A novel form of polymerized estrogen developed at Rensselaer Polytechnic Institute can provide neuroprotection when implanted at the site of a spinal cord injury—preventing further damage. This promising result, found in a preclinical model, was recently published in ACS Chemical Neuroscience, and it lays the groundwork for further advancement of this new biomaterial.
“What we saw that gives us hope is more neuroprotection, meaning we saw more spared neurons and more spared axons in the tissue,” said Ryan Gilbert, a professor of biomedical engineering at Rensselaer, and co-author on this paper. “We believe that the estrogen released from our biomaterial design is providing a neuroprotective response.”
After a spinal cord injury, the body’s inflammatory response can cause further damage to nervous system cells—like a loss of neurons and axons—even beyond the site of initial injury. A solution that could prevent additional deterioration, or even promote regeneration over time, could be a paradigm shift in treatment. Estrogen is a natural hormone produced within the body. When polymerized, it shows promise as a source of neuroprotection following a spinal cord injury.
Gilbert, a member of the Center for Biotechnology and Interdisciplinary Studies at Rensselaer, collaborated with Edmund Palermo, an associate professor of materials science and engineering at Rensselaer, to design this polymer. The preclinical aspect was initiated by Manoj Gottipati, a Rensselaer research associate, currently working in the laboratory of Phillip Popovich, professor and chair of the Department of Neuroscience at The Ohio State University.
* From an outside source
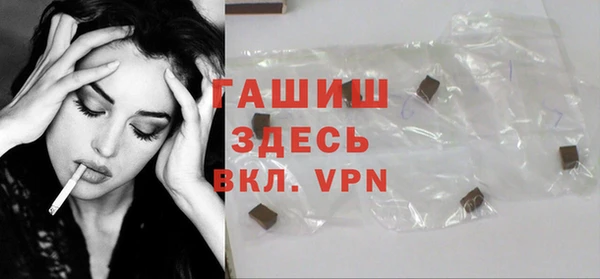 кокаин VHQ Абинск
At Ohio State, Gottipati worked with Zhen Guan from the Center for Brain and Spinal Cord Repair to test the polymerized estrogen film. The researchers observed enhanced neuroprotection in a preclinical mouse model that had the implanted polymerized estrogen when compared to models that did not receive this treatment.
The polymer itself is entirely made of estrogen, which is released slowly within the body over time as water reactions break down the bonds that hold the polymer chain together, making it a unique and promising therapeutic approach.
“Since the drug molecule is enchained in every repeating unit of the long chain, it contains a very high drug load compared to conventional delivery approaches,” said Palermo, who is also co-author on this paper and a member of the Rensselaer Center for Materials, Devices, and Integrated Systems.
According to Palermo, the polymer studied in this research is one of a number of candidates the researchers will continue to investigate as they work to find the optimal release rate for enhanced neuroprotection. Finely tuning hydrophobicity, mechanical properties, and hydrolysis rates could all make a difference in critical aspects of its performance, such as how quickly the polymer releases estrogen within the body.
“All of those factors will play a role in the complex cascade of biochemical and biophysical events that occur during the course of the body’s reaction to spinal cord injury,” Palermo said.
As the team continues to modify this biomaterial, what researchers develop could have implications beyond spinal cord injury therapeutics.
“I would say that this approach could be used for any sort of central nervous system injury, from spinal cord to brain injury,” Gilbert said. “Anything where we could inject or place it near the injury site and have that therapy be released for an extended duration.”